Three Things You Probably Didn't Expect Wooden Play Kitchens To Teach Your Kids

Posted on: 25 May 2016

Kids are almost always drawn to dramatic play areas in preschool and kindergarten. They enjoy pretend play and engaging in activities that model what adults do at home. If you buy a wooden play kitchen for your children, there is so much more to what it can teach besides kitchen routines. Here are three things you may not have expected wooden play kitchens to teach your children, which will prove of value to them as they get older.

Never Climb into an Oven, Even If You Can Fit

While it may be great fun to reenact the scene from Hansel and Gretel where the witch climbs into the oven and Gretel shoves the witch in and closes the door, if your children attempt this with a wooden play oven, they may find out how scary this really is. However, they would be far less likely to try this with a real oven later on after having played out this story with a toy oven. The lesson learned is: never climb into an oven, even if you can fit--it is too scary (not to mention dangerous).

Burners and Fire Safety

In an age where microwaves cook much of our food, painted burners on a play stove are a bit of a novelty for kids.
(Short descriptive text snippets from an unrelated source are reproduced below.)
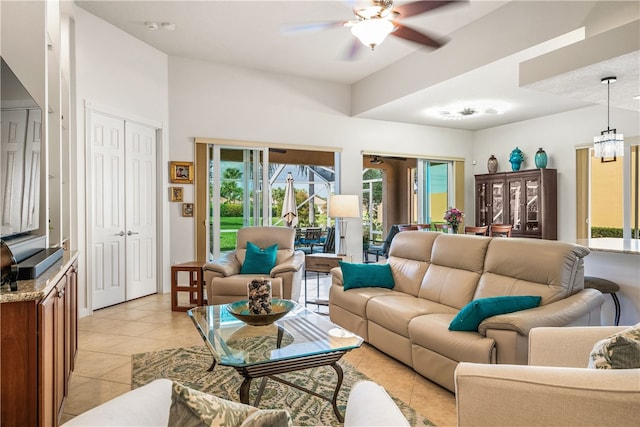 tiled living room featuring ceiling fan with notable chandelier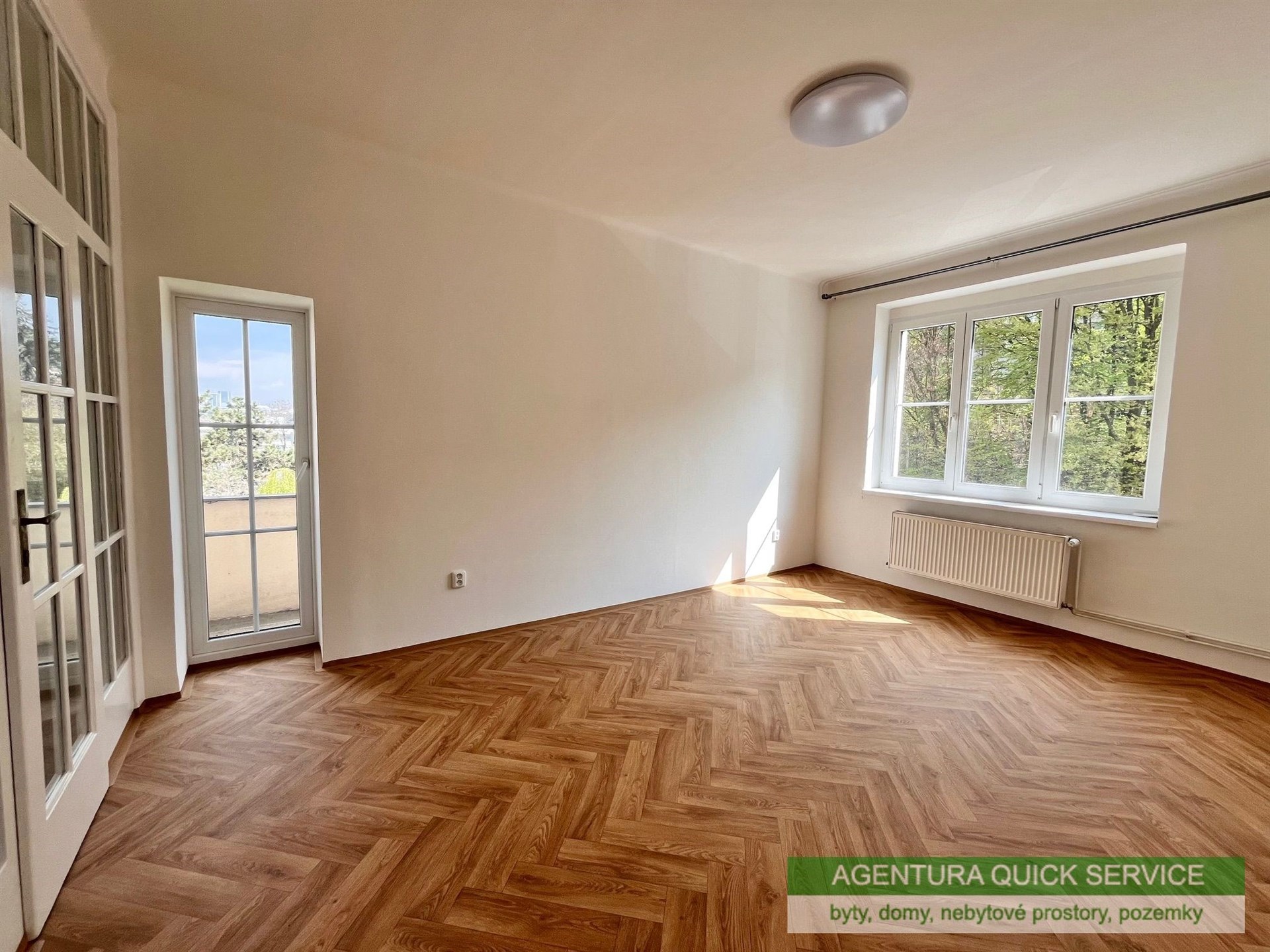 Světlý obývací pokoj s parketovou podlahou, velká okna poskytují výhled do zahrady, moderní interiér s prosklenými dveřmi na balkón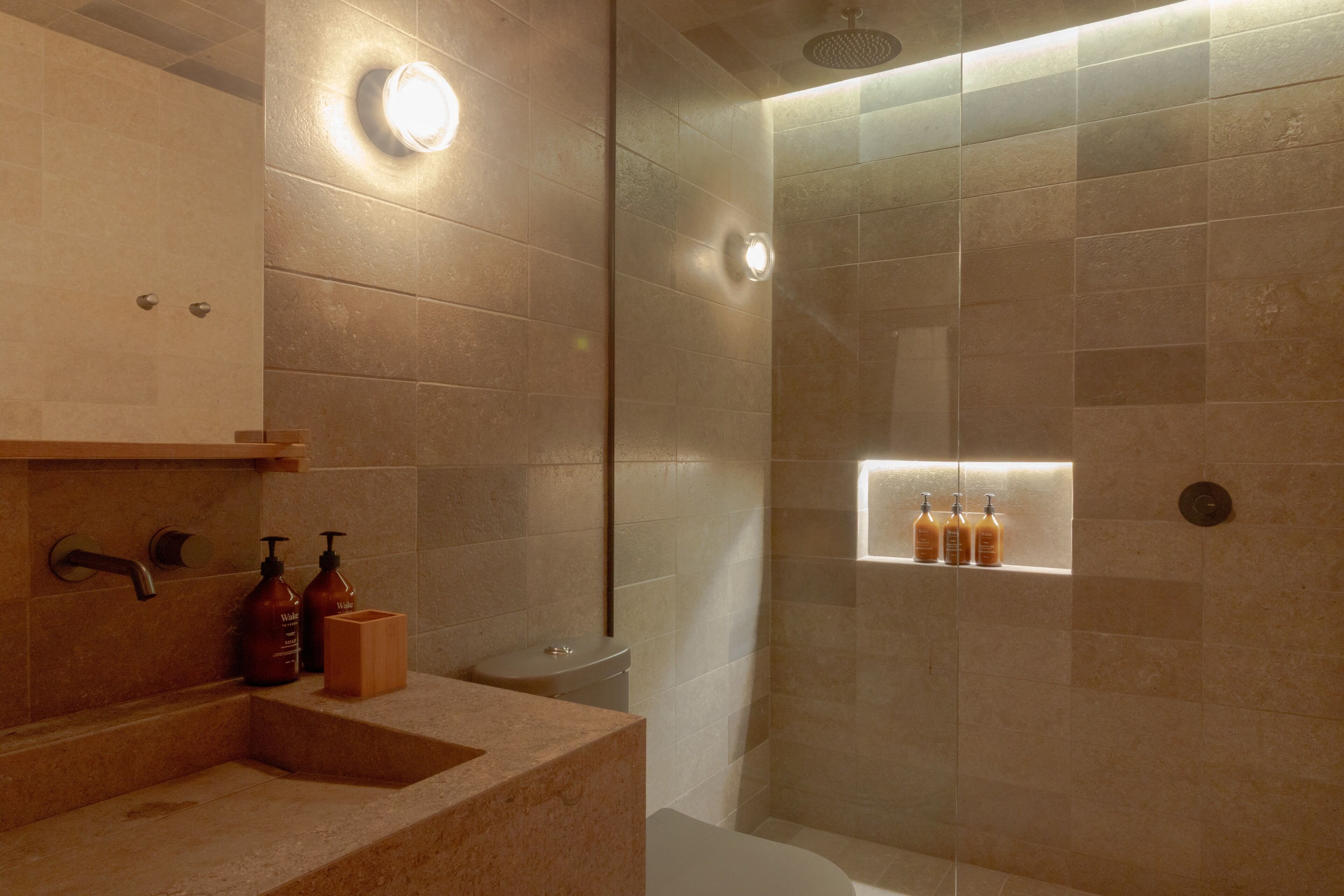 A modern bathroom with a glass-enclosed shower, a vanity with a sink, and a shelf with toiletries.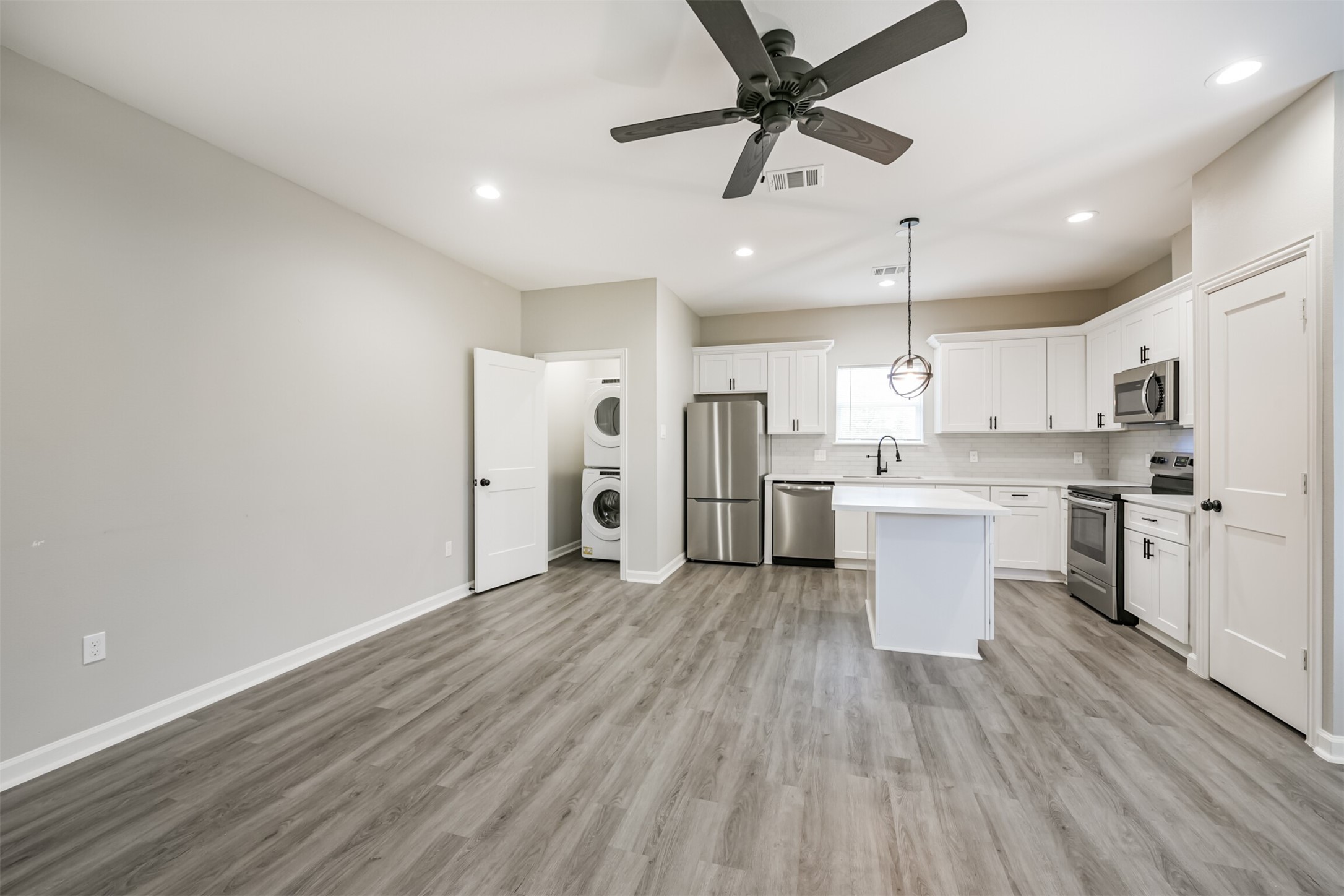 4405 Mallow Street Houston, TX 77051 - Photo 21 of 21 a large white kitchen with a refrigerator a sink dishwasher a stove and white cabinets with wooden floor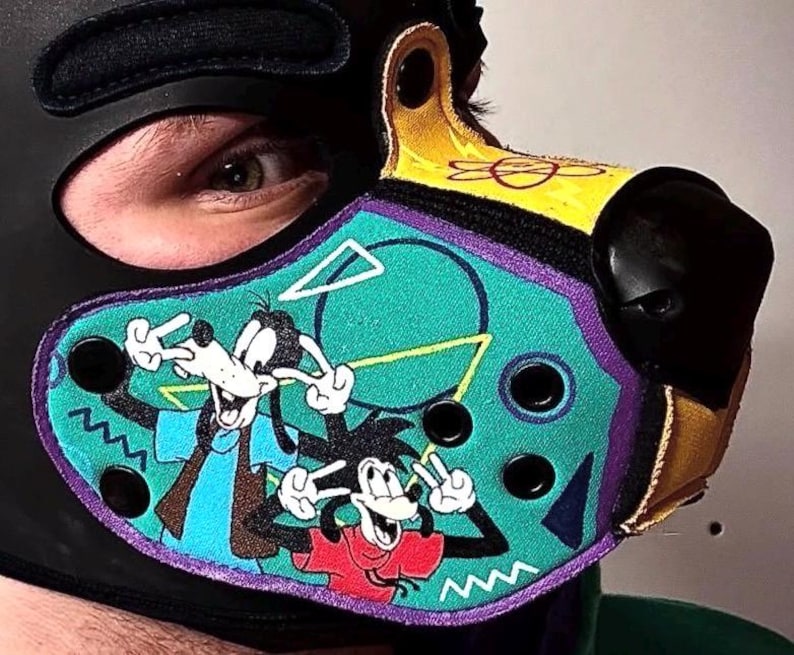 Peut inclure: Une cagoule en similicuir noir avec un embout en forme de museau dot&eacute; d'un panneau turquoise. Le panneau pr&eacute;sente un graphique color&eacute; de deux chiens de dessin anim&eacute; faisant des signes de paix, avec des formes g&eacute;om&eacute;triques et des &oelig;illets.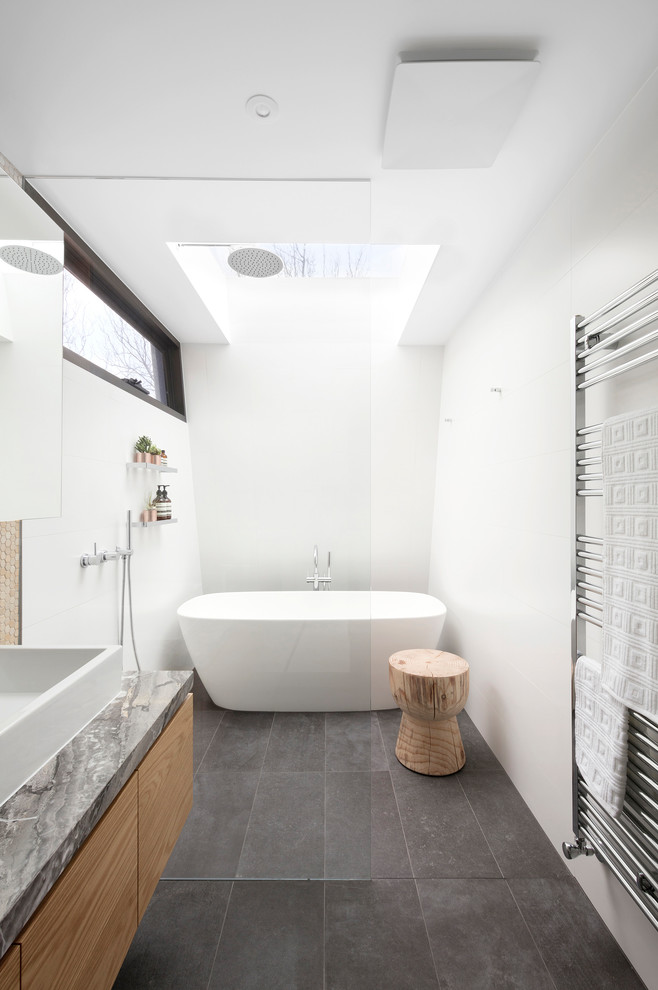 This is an example of a mid-sized contemporary master bathroom in Melbourne with flat-panel cabinets, medium wood cabinets, a freestanding tub, an open shower, a wall-mount toilet, white tile, ceramic tile, white walls, porcelain floors, a vessel sink, marble benchtops, grey floor and an open shower.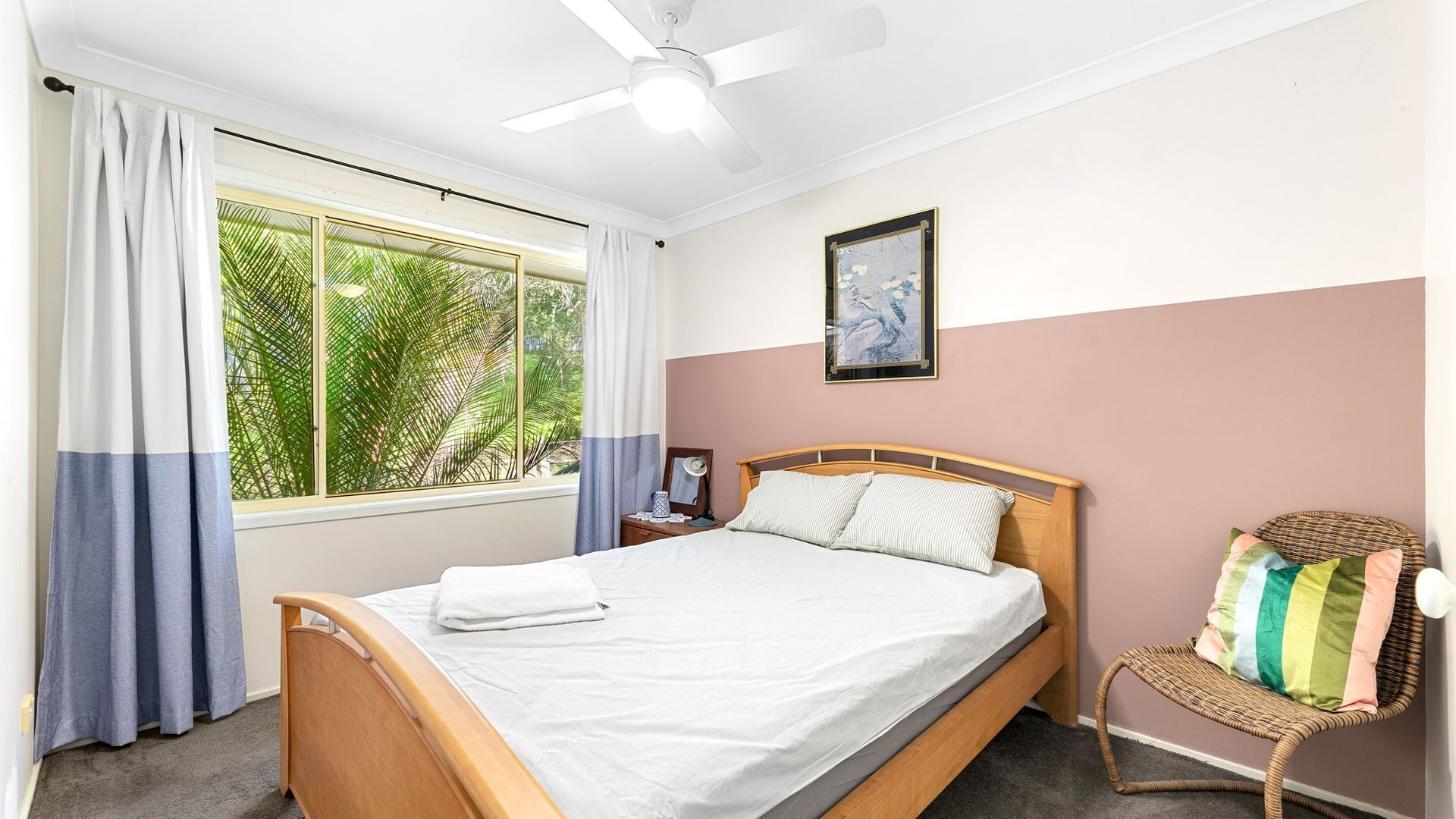 Una camera da letto con un letto, un comodino, una sedia, una ventola a soffitto e una finestra con tende.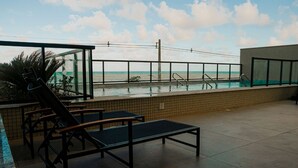 A rooftop pool area with lounge chairs and a glass enclosure overlooking the ocean. - Apartment across from the beach for millionaires. (Ilhéus)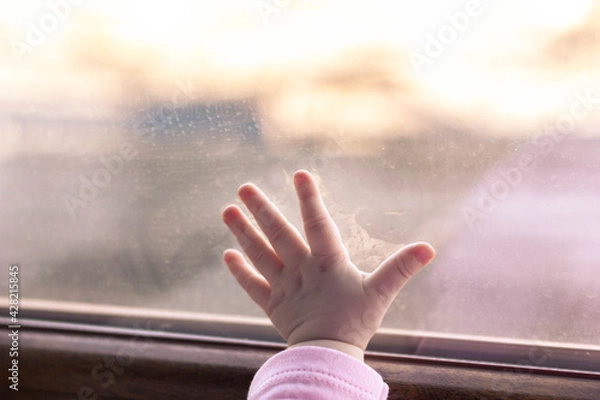 Fototapeta Child's hand leaning against the window. Frost outside the window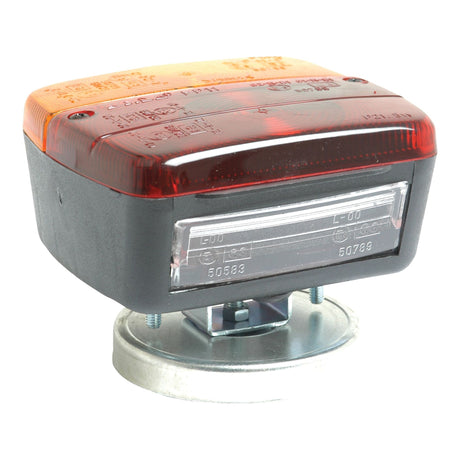 A rectangular, dual-color (orange and red) Sparex Rear Combination Light with a clear polycarbonate lens, mounted on a metal base with a magnetic fixing mechanism. This 12V halogen light serves three functions: brake, tail, and indicator, suitable for both right hand and left hand installation - S.51748.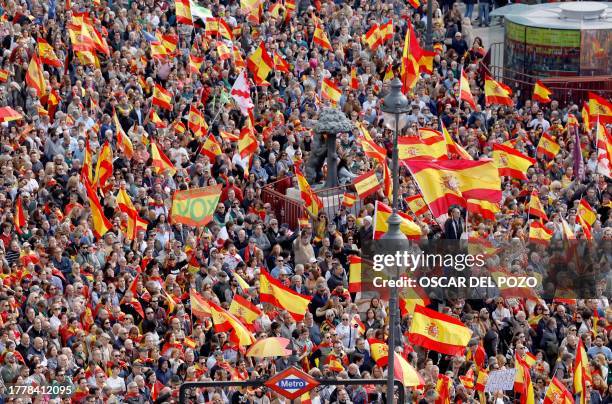 Demonstrators hold Spain's flags and a Spain's flag with far-right Vox party name during a protest called by right-wing opposition against an amnesty...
You can take full advantage of this by teaching them all there is to know about oven burners, how they work, and why they should never be touched with bare hands, even after they have been turned off. You can also incorporate lessons about fire safety and the hazards of setting anything flammable on top of a burner, as well as how to put the flames out without making it worse (e.g., water on a grease fire is a no) or spreading the fire by trying to fan it.

Never Overstuff Your Refrigerator

Kids are funny in that when you attempt to tell them not to put too much stuff inside of something, they try to prove you wrong. It is a sign of developmental maturity and reasoning, but it is still fun to see them try anyway. As you instruct them to pick up their play kitchen area, remind them to not "overstuff the fridge." They will still try to stuff everything they can into the fridge but the door will not close. When that happens, you can share with them what happens in the real world when you put too much in refrigerator and the door does not close. Food spoils when the refrigerator is not closed, and much of what tumbles out of the fridge cannot be saved or eaten fast enough to avoid spoilage.

These are good things for little ones to know and are important life lessons you can teach with the help of a wooden play kitchen.